**TASK ITEM**
Starting at the line that contains "22) Ansichtkaart haven", print each line exactly through the end of the listing. Skip any pictures and add nothing.

**DATA FOR THIS TASK**

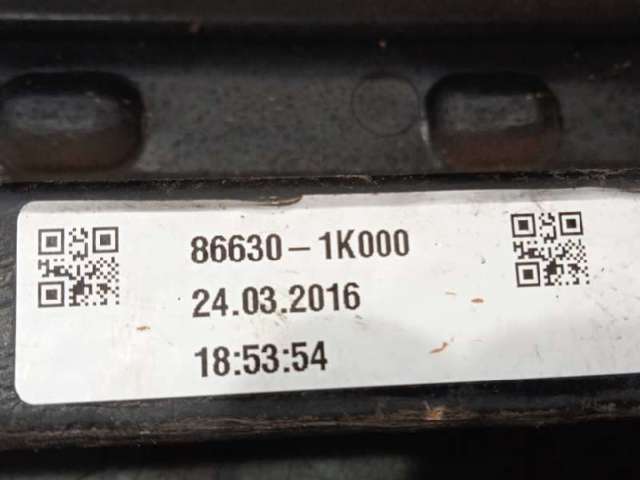 866301K000 HYUNDAI Усилитель бампера заднего купить в Украина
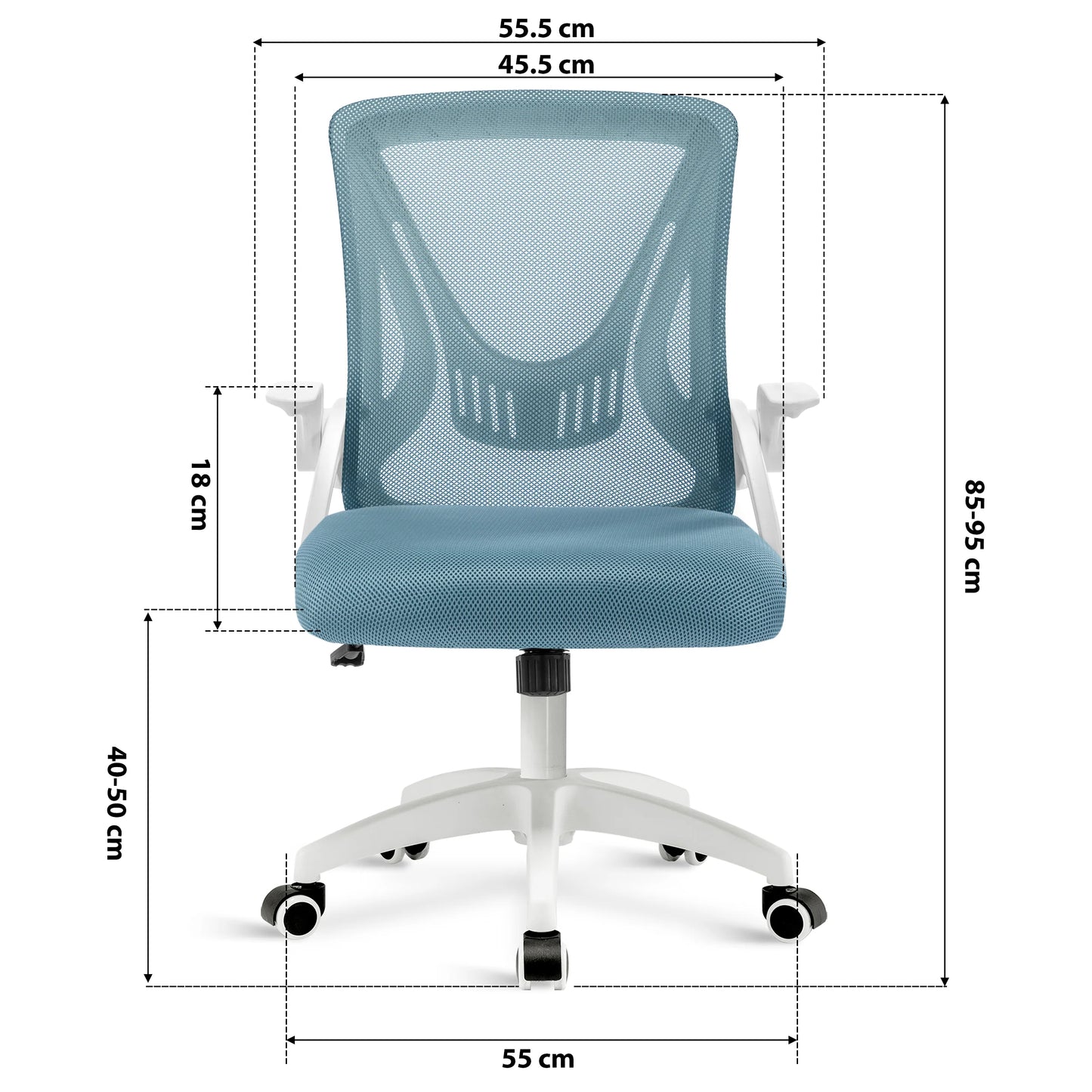 Ergonomic Home Office Chair Mesh - Computer Desk Chair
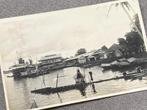 22) Ansichtkaart haven Palembang (1934) / Ned. Indië, Verzamelen, Ansichtkaarten | Buitenland, Gelopen, Ophalen of Verzenden, Buiten Europa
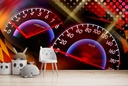 Car Dashboard Wall Mural Wallpaper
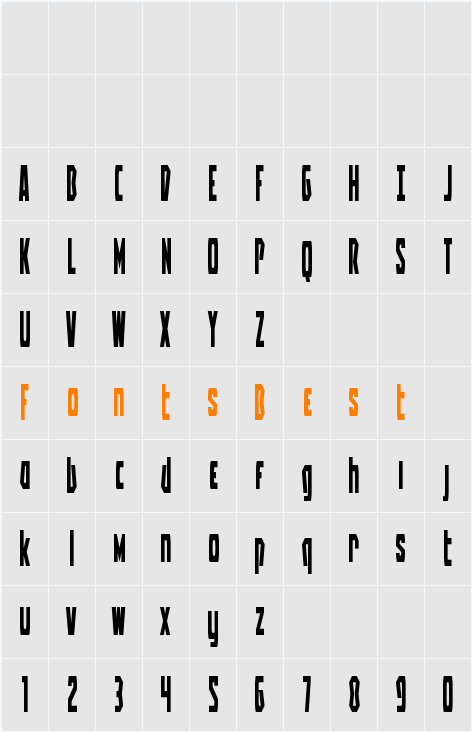 Battleworld Condensed Character Map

**RESULT FOR THIS TASK**
 22) Ansichtkaart haven Palembang (1934) / Ned. Indië, Verzamelen, Ansichtkaarten | Buitenland, Gelopen, Ophalen of Verzenden, Buiten Europa
 Car Dashboard Wall Mural Wallpaper
 Battleworld Condensed Character Map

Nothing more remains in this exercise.